CREATE TABLE embeddings (
    id BIGSERIAL PRIMARY KEY,
    content_name varchar(255) NOT NULL,
    content text NOT NULL,
    embedding vector(1536) NOT NULL
);

This allows for storing the named content and its embedding together for easy retrieval. In a production application it would likely be beneficial to separate the contents from the embeddings so that these can be indexed (as well VACUUM and ANALYZE) independently, but for now this is fine.

I used bun’s built in SQL bindings to create a Postgres client. This is a no-frills SQL client that can connect to a number of systems. I’m primarily a Python developer, so it was nice to not have to search for a good SQL client and just use some functionality built into the runtime.

API

Finally there is the API. There is one endpoint that takes in a text input, embeds it, and runs a similarty search against contents from The Book. It returns a variable number of results, but by default will only return one result. It’s a pretty light wrapper around the OpenAI embeddings endpoint:

async generateEmbedding(model: string, input: string): Promise<number[]> {
  const response = await this.client.embeddings.create({
    model: model,
    input: input,
  });

  const embedding = response.data[0]?.embedding;

  if (!embedding) {
    throw new Error("Failed to embed input");
  }

  return embedding;
}

And then we do the in-database comparison:

SELECT 
    id, 
    content_name AS "contentName", 
    content, 
    embedding 
FROM embeddings
ORDER BY embedding <=> ${vectorLiteral} -- cosine distance between the input embedding and the values in the `embedding` column
LIMIT ${limit};

Note that in this query we’re using the <=> operator which is the pgvector shorthand for cosine distance. With this the smaller the resulting value is, the closer (aka more similar) the two compared values are. To get true cosine similarity, we’d take the inverse: 1 - cosine_distance. Then the larger the value the more similar the inputs would be.

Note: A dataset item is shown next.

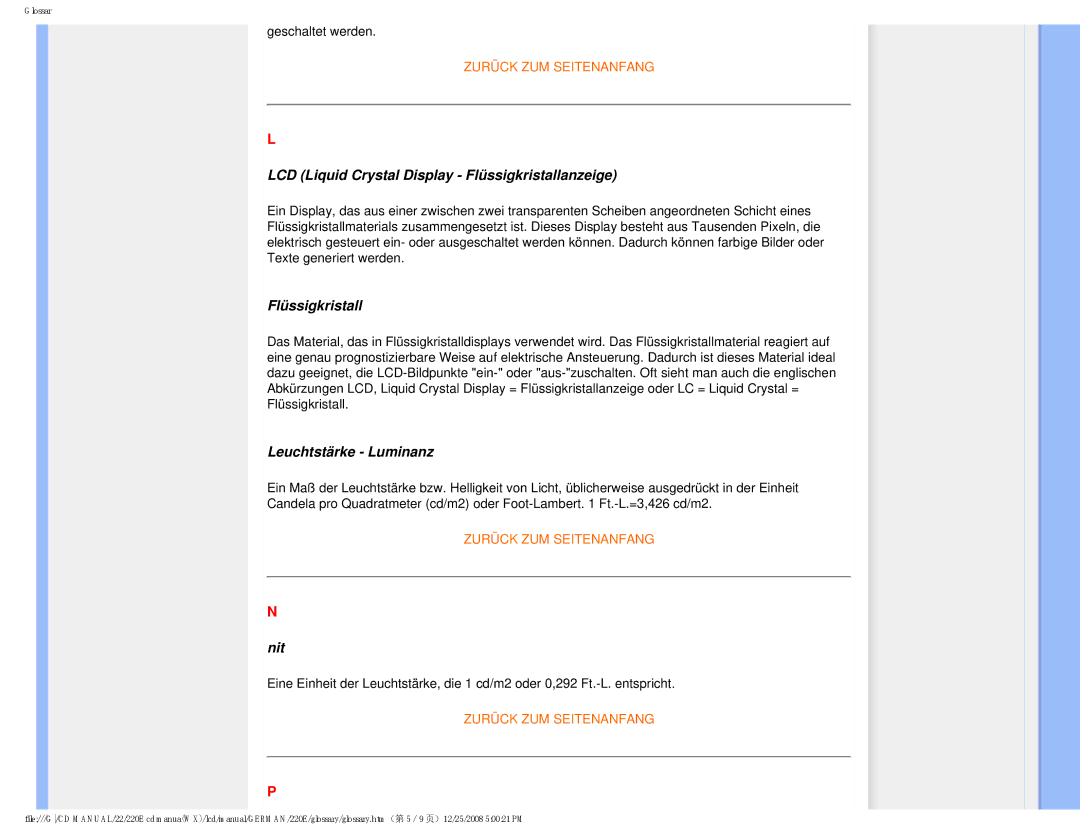 Philips 220E user manual LCD Liquid Crystal Display Flüssigkristallanzeige, Leuchtstärke Luminanz, Nit 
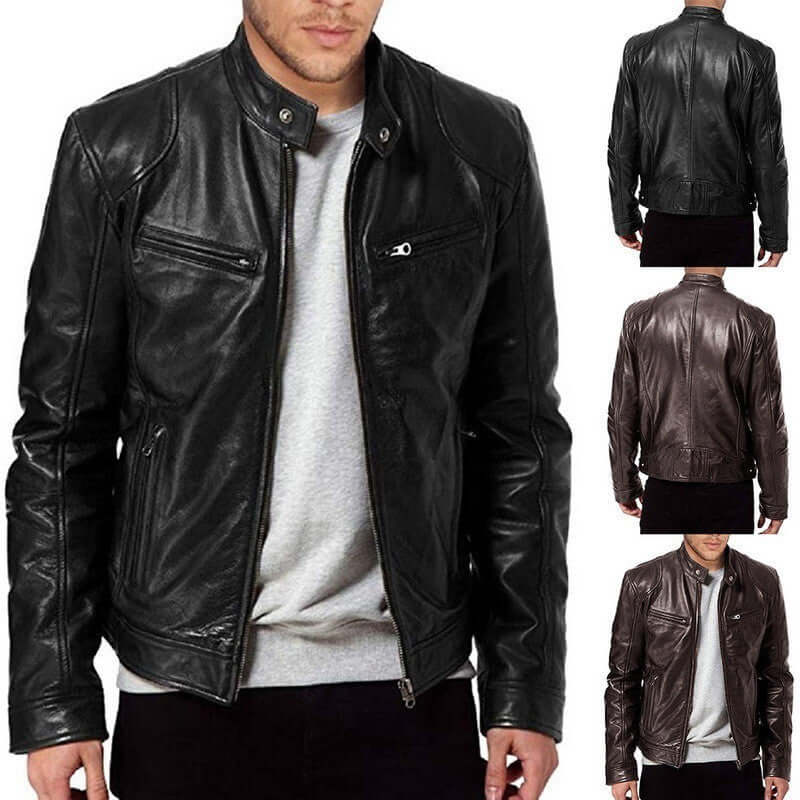 Men's Zip Cardigan Leather Jacket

As noted in the pgvector documentation, if the embeddings being used are normalized to length 1, as OpenAI embeddings are, then you can/should instead use inner product (<#>) to compare embeddings, since it will yield the same result but with less computation. See my braindump on vector embeddings for (a little) more detail on how that works. I didn’t learn this until after I was already using cosine distance, so this is something I would go back and change if I were to update this system.

Putting it together

Now that we have the ingestion, the storage, and the API, we can test it out. After running the ingestion offline, and then starting the API, we can hit the /similar endpoint:

curl -s -X POST "http://localhost:3000/similar" \
  -H "Content-Type: application/json" \
  -d '{"text": "How does Rust deal with memory management?", "numRecords": 1}' | jq 

which returns:

[
  {
    "contentName": "ch04-00-understanding-ownership.md",
    "content": "# Understanding Ownership\n\nOwnership is Rust’s most unique feature and has deep implications for the rest\nof the language. It enables Rust to make memory safety guarantees without\nneeding a garbage collector, so it’s important to understand how ownership\nworks. In this chapter, we’ll talk about ownership as well as several related\nfeatures: borrowing, slices, and how Rust lays data out in memory.\n"
  }
]

All in all it’s a pretty naive/barebones RAG stack, but this was a good primer on getting set up with embeddings, vector databases, and similarity search. Next steps? Maybe I’ll actually work on learning Rust like I initally set out to do.